This is the Pixels integration for PrestoDB.
Pixels integration (connector & event listener) is currently compatible with Presto 0.279. Other Presto versions that are compatible with the Connector SPI in Presto 0.279 should also work well with Pixels.
This project can be opened as a maven project in Intellij and built using maven.
Note that Presto 0.279 requires Java 8, thus this project must be built by JDK 8.
However, Pixels is the parent of this project,
therefore use mvn install
to install Pixels modules into your local maven repository before building this project.
Ensure that Pixels and other prerequisites are installed following the instructions HERE. Instead of installing Trino as the query engine, here we install Presto.
Download and install Presto-0.279 following the instructions in Presto Docs.
Here, we install Presto to ~/opt/presto-server-0.279
and create a link for it:
ln -s presto-server-0.279 presto-server
Then download presto-cli into ~/opt/presto-server/bin/
and give executable permission to it.
Some scripts in Presto may require python:
sudo apt-get install python
There are two important directories in the home of presto-server: etc
and plugin
.
To install Pixels connector, decompress pixels-presto-connector-*.zip
into the plugin
directory.
The etc
directory contains the configuration files of Presto.
In addition to the configurations mentioned in the official docs,
create the catalog config file named pixels.properties
for Pixels in the etc/catalog
directory, with the following content:
connector.name=pixels
pixels.config=/home/ubuntu/opt/pixels/pixels.properties
# serverless config
lambda.enabled=false
local.scan.concurrency=0
clean.intermediate.result=true
pixels.config
is used to specify the config file for Pixels, and has a higher priority than the config file under PIXELS_HOME
.
Note that etc/catalog/pixels.proterties
under Presto's home is different from PIXELS_HOME/pixels.properties
.
The other properties are related to serverless execution.
In Presto, Pixels can push down table scan (i.e., projection and selection) into serverless computing services such as AWS lambda.
This feature is similar to Redshift Spectrum, and it is a restricted version of
Pixels Turbo
.
We call it Pixels Turbo Lite
.
It can be turned on by setting lambda.enabled
to true
.
If Pixels Turbo Lite
is enabled, we also need to set the following settings in PIXELS_HOME/pixels.properties
:
executor.input.storage.scheme=s3
executor.input.storage.endpoint=input-endpoint-dummy
executor.input.storage.access.key=input-ak-dummy
executor.input.storage.secret.key=input-sk-dummy
executor.output.storage.scheme=s3
executor.output.storage.endpoint=output-endpoint-dummy
executor.output.storage.access.key=output-ak-dummy
executor.output.storage.secret.key=output-sk-dummy
executor.output.folder=/pixels-lambda-test/
Those storage schemes, endpoints, and access and secret keys are used to access the input data
(the data of the base tables defined by CREATE TABLE
statements) and the output data
(the result of the sub-plan executed in the serverless workers), respectively.
Ensure that they are valid so that the serverless workers can access the corresponding storage systems.
Especially, the executor.input.storage.scheme
must be consistent with the storage scheme of the base
tables.

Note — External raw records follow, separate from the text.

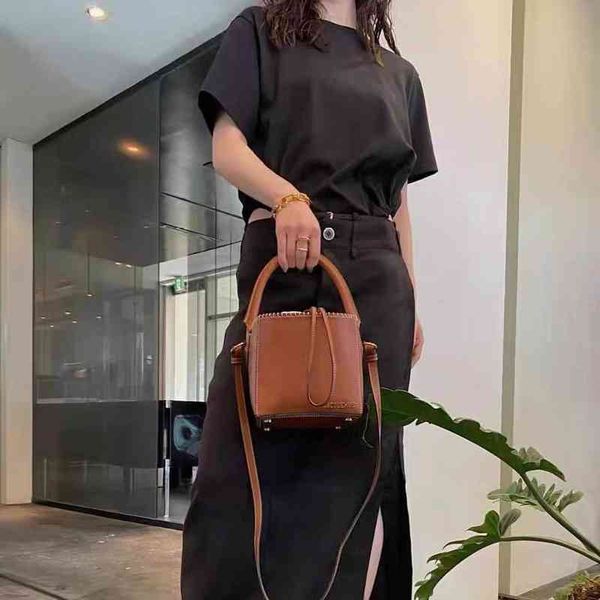 designer luxury women bags jacquemuity the tote bag jac wallet shoulder purse crossbody classic leather handbag large capacity 7a zhouzhouba
designer luxury women bags jacquemuity the tote bag jac wallet shoulder purse crossbody classic leather handbag large capacity 7a zhouzhouba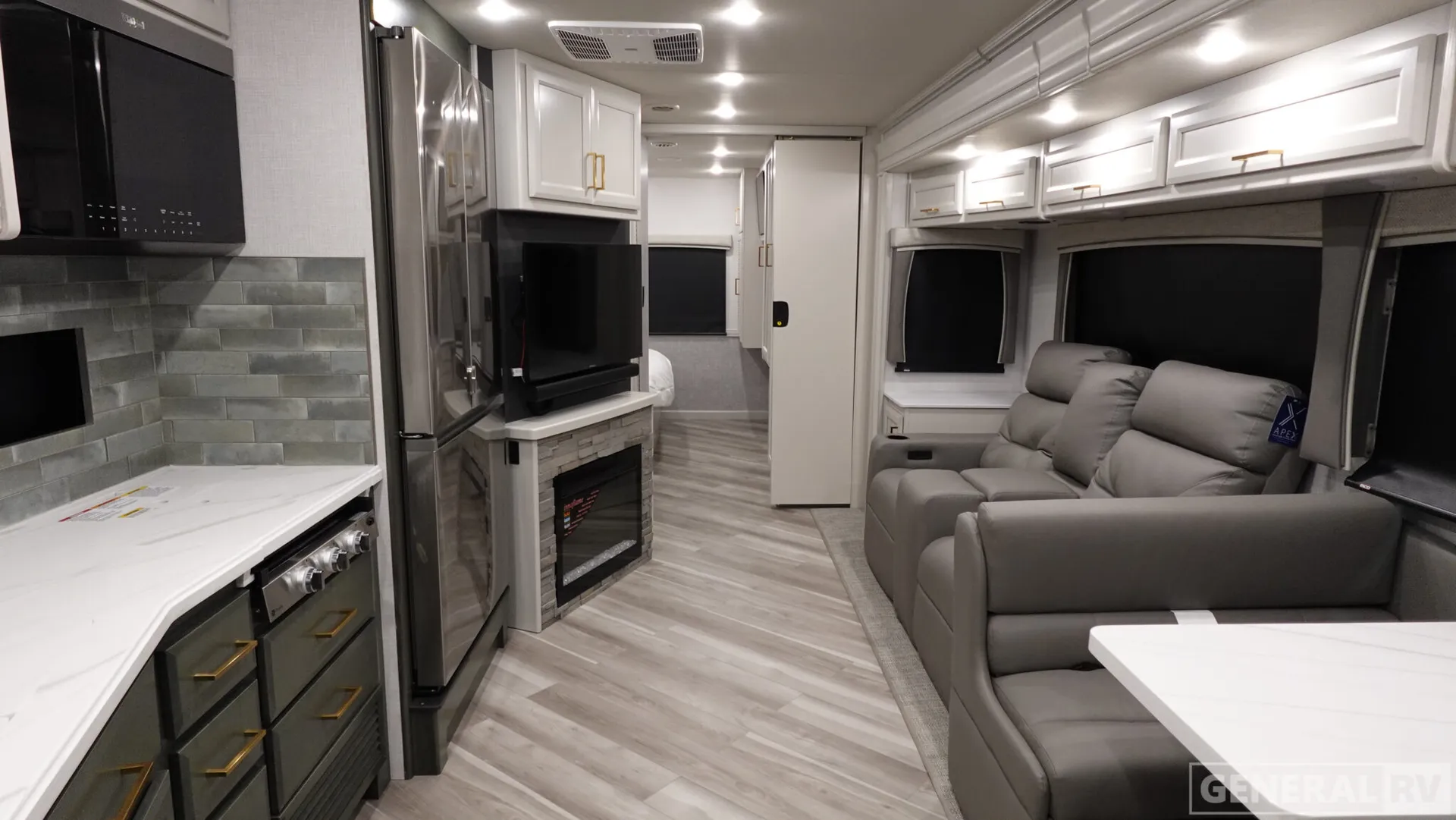2026 Holiday Rambler Vacationer 33C - Photo 3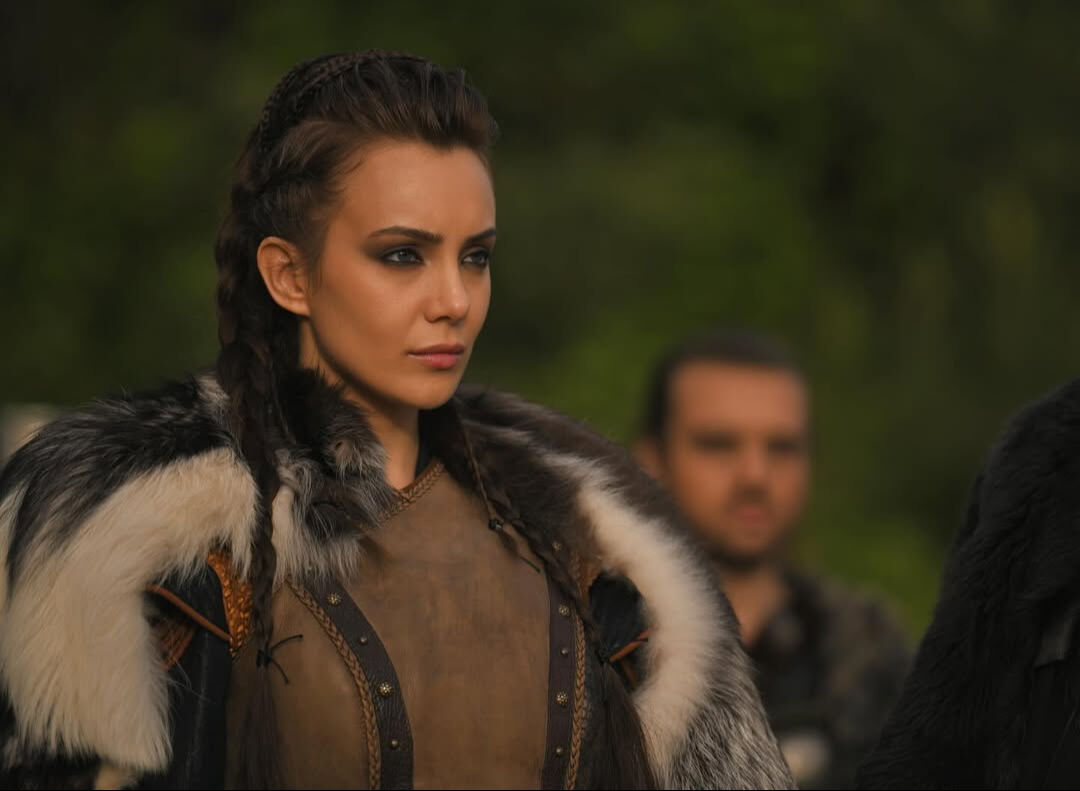 Burcu Kirman kimdir, kaç yaşında? Oynadığı diziler ve özel hayatı merak ediliyor - 3. Resim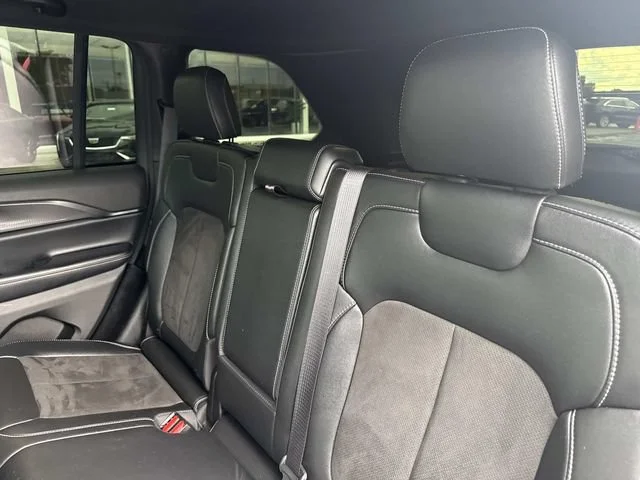 Used 2024 Gray Jeep Altitude image 56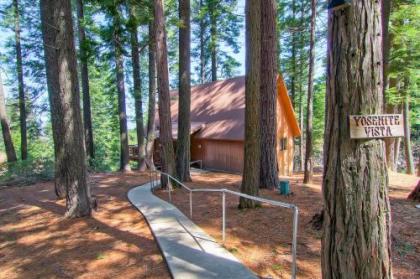 Yosemite Vista - 3BR/2BA Holiday Home - image 2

This is checked during query-planning for Pixels Turbo.
In addition, the executor.output.folder
is the base path where the scan output is stored.
It also needs to be valid and accessible for the serverless workers.
Pixels event listener is optional. It is used to collect the query completion information for performance evaluations.
To install the event listener, decompress pixels-presto-listener-*.zip
into the plugin
directory.
Create the listener config file named event-listener.properties
in the etc
directory, with the following content:
event-listener.name=pixels-event-listener
enabled=true
listened.user.prefix=none
listened.schema=pixels
listened.query.type=SELECT
log.dir=/home/ubuntu/opt/pixels/listener/
log-dir
should point to an existing directory where the listener logs will appear.
Start Pixels + Presto in the same way as Starting Pixels + Trino. The usage is also quite similar as the usage of Pixels + Trino. Then, you can test the query performance following TPC-H Evaluation.